Neuigkeiten • August 8, 2026
Event-Matchmaking-Software für Konferenzen: Wie Veranstalter aus Teilnahme echte Meetings machen (2026)
Networking ist der Grund Nr. 1, warum Menschen professionelle Events besuchen — doch nur 15 % der Veranstalter bewerten ihr eigenes Networking als sehr effektiv, ein Rückgang von 46 % im Vorjahr. So schließen Konferenzveranstalter diese Lücke.

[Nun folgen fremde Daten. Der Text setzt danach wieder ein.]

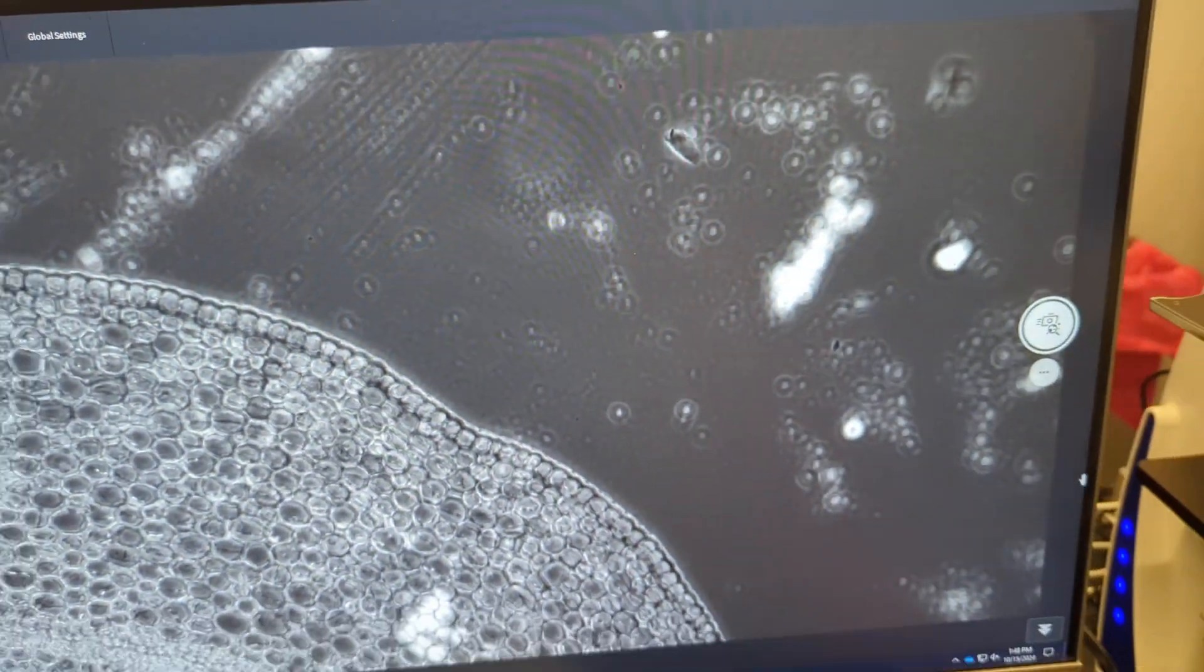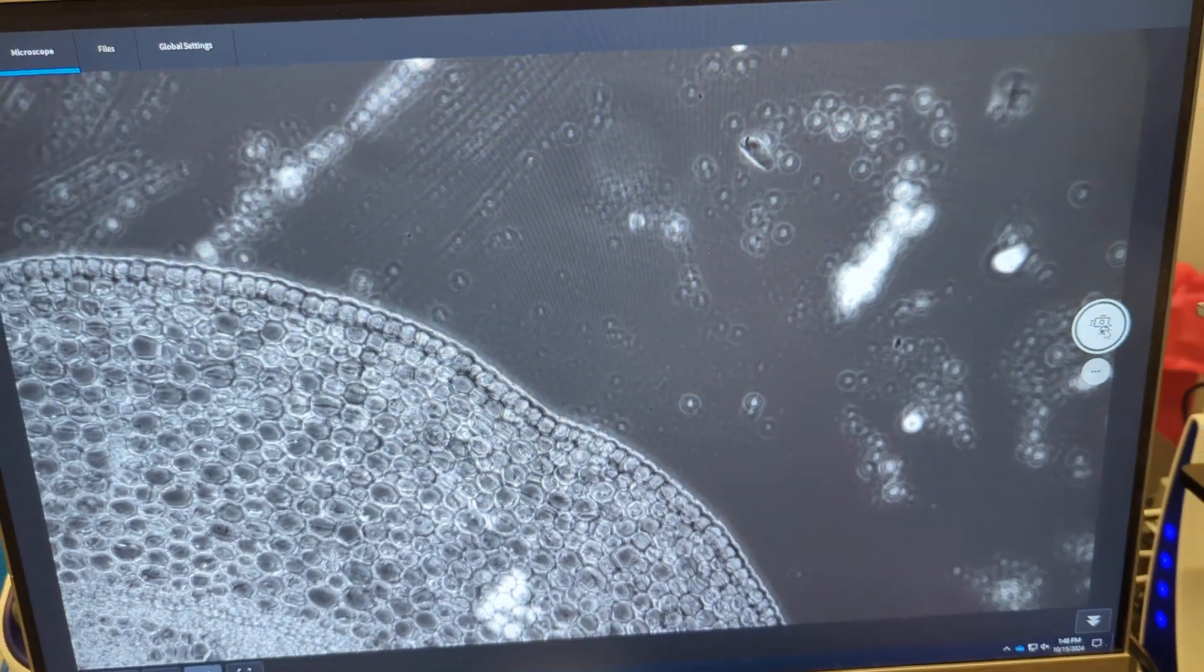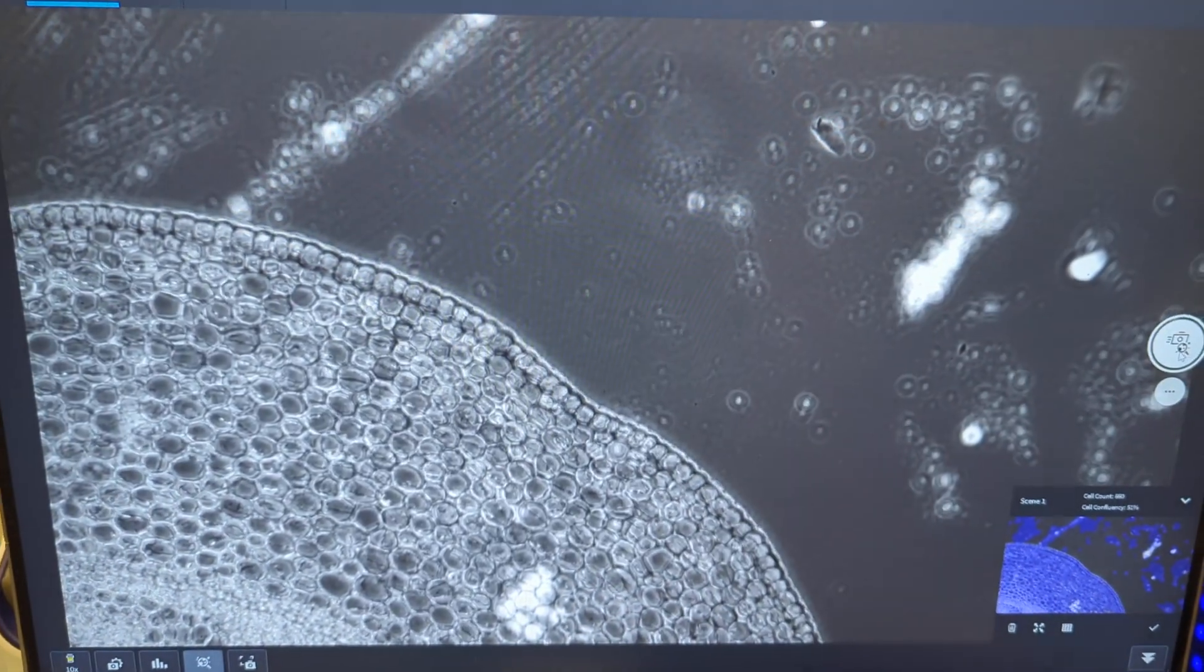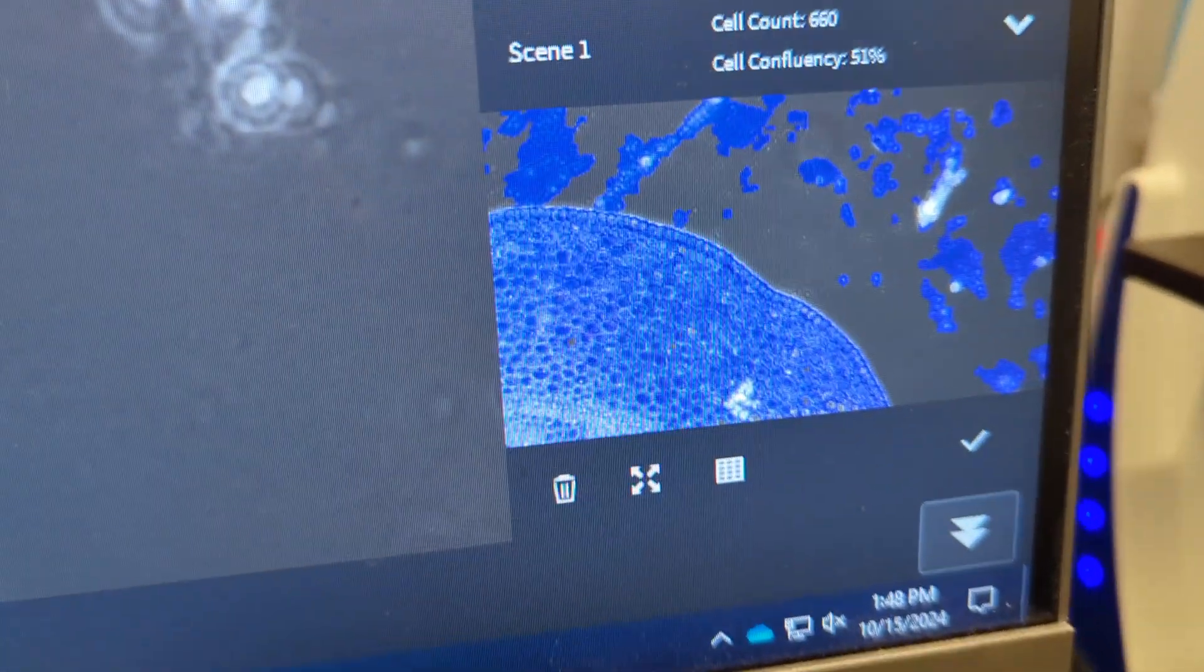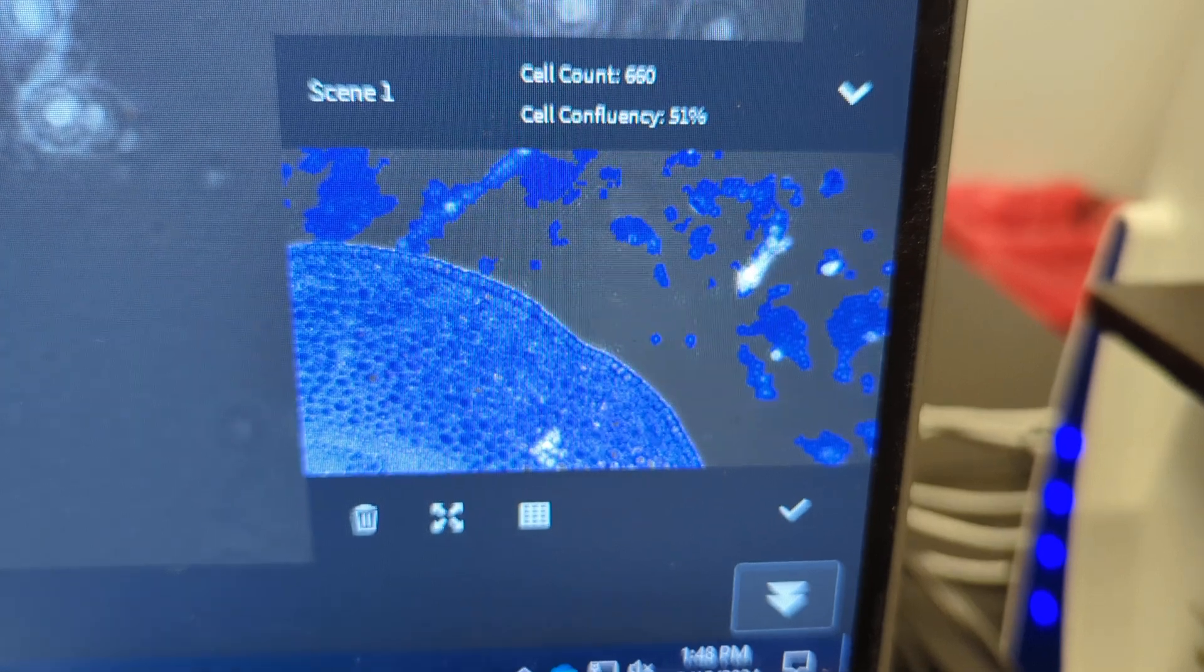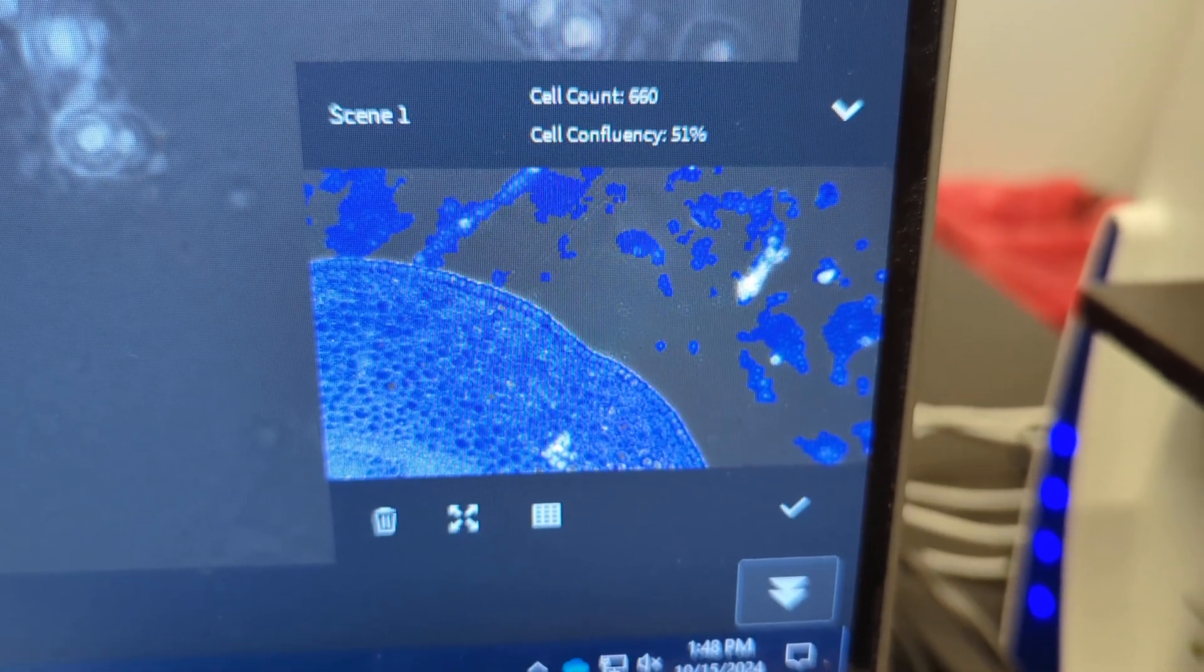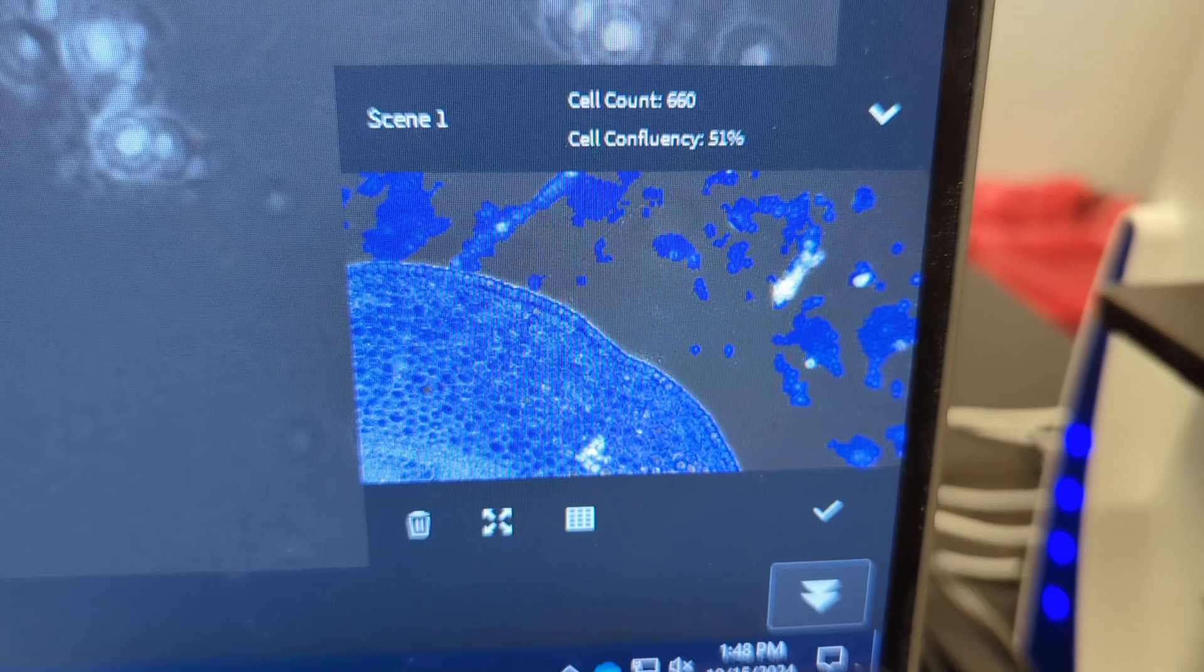So now we're active, I'm going to click the count button for the first image. So now it's calculating the cell confluency, and it did the count. And you'll see down at the bottom here, it gives you scene one. That's my first image, and the results of that. Cell count, 60, and 51% confluency.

Von Kair Mourtazov, SmartMatchApp Product Specialist
Lesezeit: ~6 Minuten
Kurzfassung
Event-Matchmaking-Software bringt Teilnehmer für Eins-zu-eins-Meetings anhand ihrer Profile und Ziele zusammen und plant und verwaltet diese Meetings anschließend. Das Vertrauen der Veranstalter in Event-Networking ist eingebrochen — 15 % bewerten es 2026 als sehr effektiv, nach 46 % ein Jahr zuvor. Die Lösung ist selten ein größeres Budget: Es geht darum, das Format auf das Ziel abzustimmen und jedes Format auf einem System auszuführen, das dafür gebaut ist. NLBWA-IE steigerte sich von einer manuell gematchten Obergrenze von 20 Anbietern und vier Käufern auf nahezu 100 vorab geplante Termine auf einer einzigen Konferenz.
Warum Event-Networking scheitert
Fragt man Teilnehmer, warum sie sich angemeldet haben, ist die Antwort einheitlich. In der 2026-Umfrage von Booking.com for Business zu Firmenevents war Networking und Zusammenarbeit die wichtigste Motivation für die Teilnahme — genannt von 64 % der Teilnehmer, vor Weiterbildung mit 53 % und Karriereentwicklung mit 33 %.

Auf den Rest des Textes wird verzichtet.